Just as architecture didn't equate to well designed and maintainable software, I fear this initiative won't fix horribly outdated and vulnerable deployments. Software life cycle, deprecation, abandonment, supply chains are mostly a process problem, standards and technology won't fix that.

Arnavion•10mo ago
It doesn't force someone who already wasn't checking their dependencies for CVEs / maintained-ness to start doing that. It does make someone who *was* doing that be able to show they're doing that in some standard way.

In other words it doesn't force you to add an SBOM + EOX checker step to your CI pipeline. But if your compliance auditor wants you to check your dependencies, adding such a standardized step makes it easier to satisfy the auditor.

repelsteeltje•10mo ago
I'm basing this mostly off first hand and anecdotal evidence - but through the years I've found that the major contribution of audits lies in having to think about the checkboxes every now and then. And what they mean in the context of my organization or project.

Rarely have I found that compliance to the goals was an issue in themselves. Or that making changes to tick a checkbox correlated to material improvements.

That is to say that if this leads to more efficiency and makes it easier for compliance audits and such, I fear is stream lining the least impactful part of its goals.

hiatus•10mo ago
> Rarely have I found that compliance to the goals was an issue in themselves. Or that making changes to tick a checkbox correlated to material improvements.

I am confused when I hear people say stuff like this. I guess if you turn on a tool and never look at it again, it won't result in material improvements. But complying with regulations or a particular compliance regime should _absolutely_ result in at least _some_ material improvement to your security posture. Like you can implement segregation of duties just as a checkbox, or use the requirement to revisit the way you gate changes to production, as just one example.

repelsteeltje•9mo ago
It depends on where you're coming from. Your code base, that is.

If it's already outstanding, you spend a lot of time revalidating what you already know and it's often a noisy process with many false positives.

If it's in a horrible state, however, the regulation often leaves a lot of wiggle room where you do some work to achieve, say, PCI compliance and then spend a lot of time arguing why this and that don't apply in your specific case.

So admitted, the is probably some improvement in the latter case but it's hardly proportional.

So IMHO, it doesn't help those of good will & expertise and does too little for the negligent. It adds noise and in the end quality still depends on factors other than compliance and certification.

T3OU-736•10mo ago
Htm. So, how does this compare, and/or is different from https://endoflife.date?
Arnavion•10mo ago
The standard is for software to report its own EOL / EOS status. The website you linked is the opposite direction - it's aggregating that status for a certain set of software.
T3OU-736•10mo ago
Aha. Very good point. SW self-reporting requires buy-in, though, which seems like a pretty high barrier.
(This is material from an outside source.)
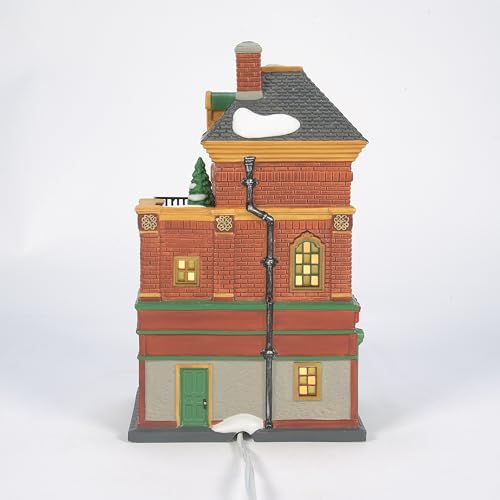 Decorative model of a two-story building with a chimney on a white background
I am very much hoping the effort succeeds, but I am also mindful of the fact that the site to which I have linked is more successful by virtue of having better coverage.

captn3m0•10mo ago
We (endoflife.date) are also excited about OpenEoX.
mud_dauber•10mo ago
JEDEC has long maintained an EOL/EOS standard for semiconductors. This was a big part of a previous PM gig. Sounds boring, and it was. But having a process kept us out of serious hot water.
Hackbraten•10mo ago
That EoX logo though.

Every organization or committee that designs a logo should be legally required to have at least one teenager on the board to prevent accidental goatse or other inadvertent blunders.

genter•10mo ago
Goatse has been around long enough that the teenagers are now in their thirties.